For others who hold to (2), it will take form (2b), where this explanatory argument is taken as a primary aspect of the theologian’s claims about God, such that his or her account of God looks like it stands or falls by the success of this explanatory argument. In the strongest cases of (2b), God is presented as an explanatory hypothesis: the theologian believes in God because of the explanatory work that the God-claim does, and the content of the God concept is primarily dictated by the explanatory argument.

Dawkins’ chapter 4 presents a strong argument against claims of form (2); I accept that happily. But he presents this as cutting to the heart of belief in God per se, so appears to be assuming (2b) as the standard form of such belief.

Now, pretty much all Christian theology involves some version of claim (1). Quite a bit of Christian theology involves claims of some form like (2). Creationists are among those who present those latter claims in a form like (2b), and it is no surprise to find that they are the main (though not the only) antagonists cited in the chapter. Yet I think, as I have explained elsewhere, that (2b) is and can be shown to be a misrepresentation of Christian beliefs about God (and that includes being a misrepresentation of creationists’ own belief in God).
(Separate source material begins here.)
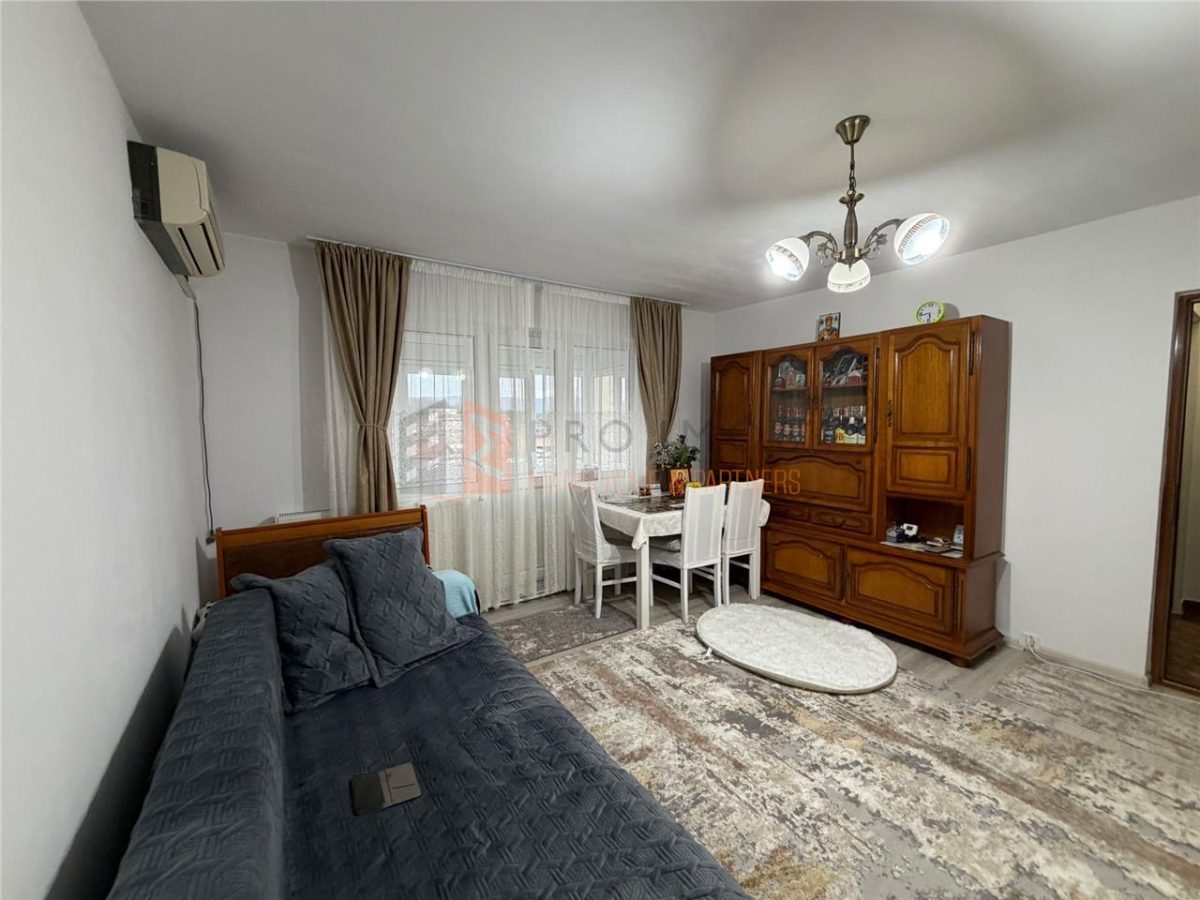 EXCLUSIVITATE Apartament 2 camere  CU GARAJ cf 1 semidecomandat  Berca - 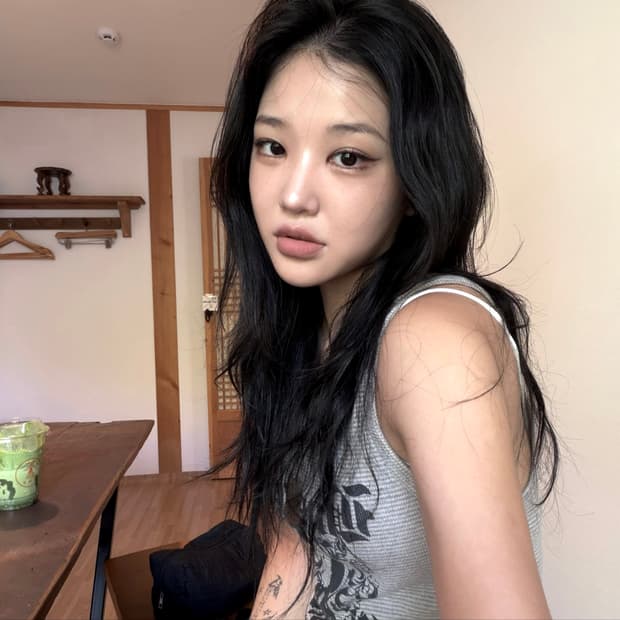 히스테릭 글래머 골지 걸프린팅 나시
Personally, I accept (1); I am unconvinced so far by any form of (2) in its weaker form (2a), and I reject (2b). I can happily accept Dawkins’ attack on explanatory arguments of form (2), without finding it relevant to my belief in (1): my belief in God, and a creator God at that.

Claim 4: Dawkins’ argument can be partially salvaged – but the result is less immediately devastating to belief in God.

It is possible, however – and there are some hints that he sees this – to detach Dawkins’ claims about God’s complexity from the wider argument about explanatory strategies of form (2), so as to make his argument an attack on claims of form (1) as well. The argument then would simply be that any claim that God exists is a claim that something of unprecedented complexity and power exists – and so a claim that something exists which is even less explicable than the natural world. That is, it is an argument about the inherent implausibility of theistic belief, rather than an argument about its explanatory power. Recognising this implausibility will demand from theologians a high level of justification for such belief – and (clearly, given Chapter 3) Dawkins thinks no such high level of justification exists.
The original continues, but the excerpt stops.